CONTENT PREVIEW
Industry

Malaysia revises contract for Littoral Mission Ships

18 March 2019
Follow

Key Points

  • Malaysia has revised its four warship contract with a Chinese shipbuilder
  • The revision is latest in a series of Sino-Malaysia emendations undertaken by the new government since taking power in mid-2018

A model of the Littoral Mission Ship displayed by China Shipbuilding Industry Corporation at LIMA 2017. (IHS Markit/Ridzwan Rahmat)A model of the Littoral Mission Ship displayed by China Shipbuilding Industry Corporation at LIMA 2017. (IHS Markit/Ridzwan Rahmat)

A contract to build Littoral Mission Ships (LMSs) for the Royal Malaysian Navy (RMN) has been revised.

As part of the revision, Malaysian shipbuilder Boustead Naval Shipyard (BNS) will no longer build two of the vessels in-country as originally negotiated for in 2017. As such, all four vessels ordered under the contract will now be built in China.
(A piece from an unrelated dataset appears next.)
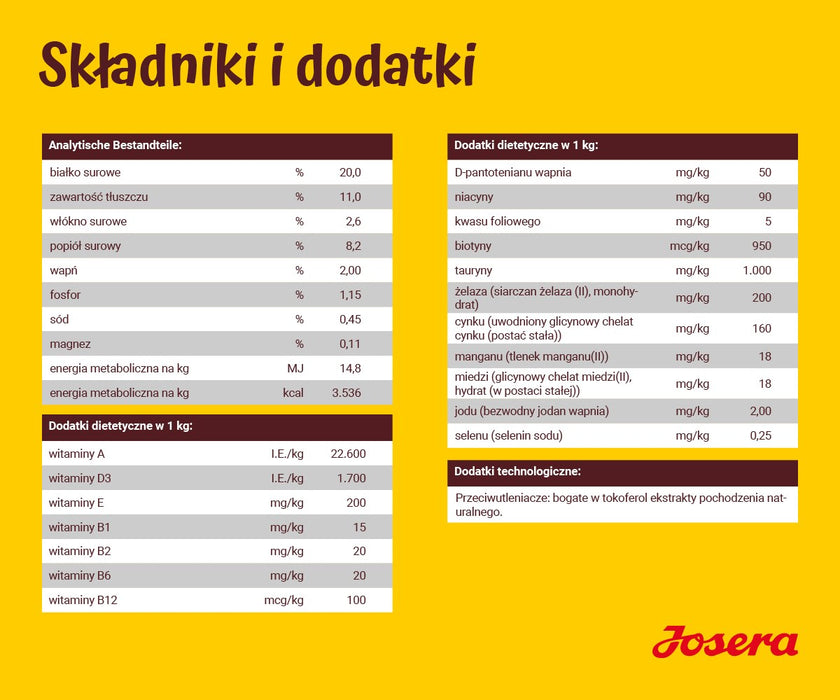 JOSERA Агнешко с ориз - суха храна за кучета - 12,5 кг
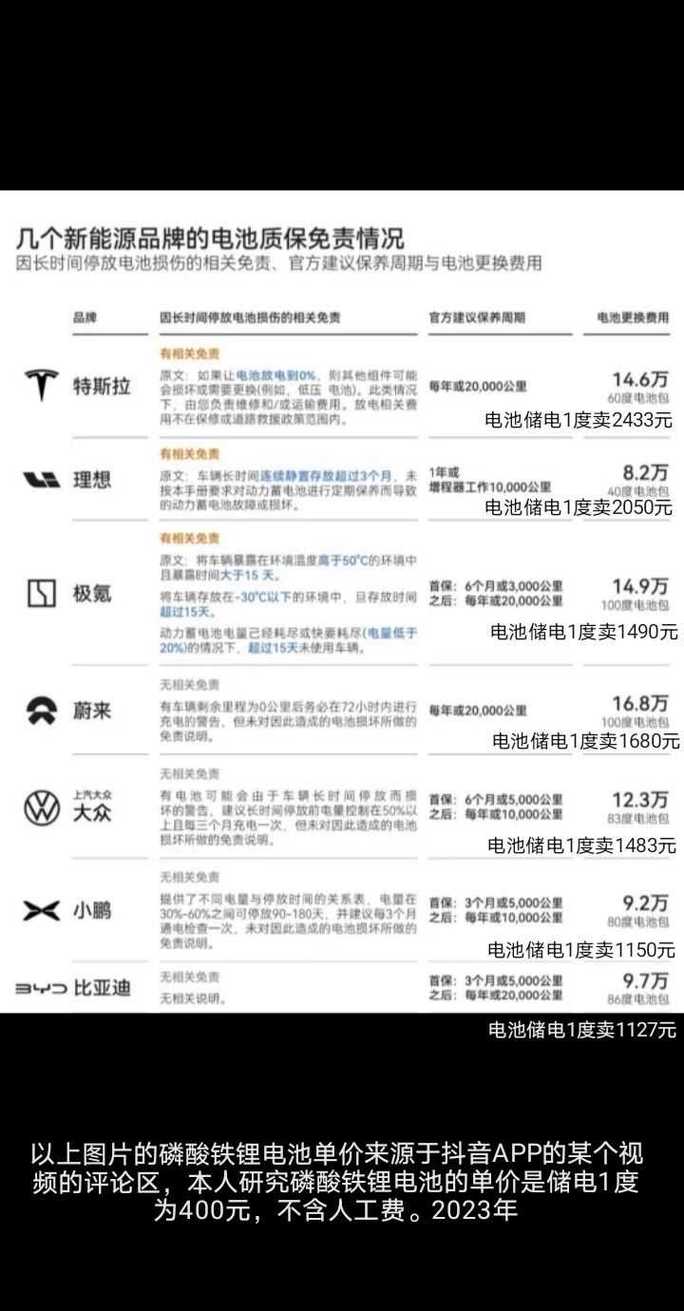 新能源电车可以开多少年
The contract price has also been revised from MYR1.17 billion (USD286.1 million) to MYR1.05 billion, said Boustead Heavy Industries Corporation (BHIC) in a filing with the stock exchange of Malaysia on 15 March. BHIC is the publicly listed parent company of BNS.

The Malaysian government, which was then under the administration of beleaguered former prime minister Najib Razak, signed a contract for four LMSs with China Shipbuilding Industry Corporation (CSIC) in April 2017. It is the country’s first-ever major naval ship contract with China.

Under the contract the first two vessels in the programme were to be built in China by a CSIC-affiliated shipyard, while the remaining two hulls would be constructed by BNS with Chinese assistance as part of a technology transfer arrangement.

The keel for the first vessel was laid down by China’s Wuchang Shipbuilding in October 2018, while steel for the second-of-class was cut on the same day.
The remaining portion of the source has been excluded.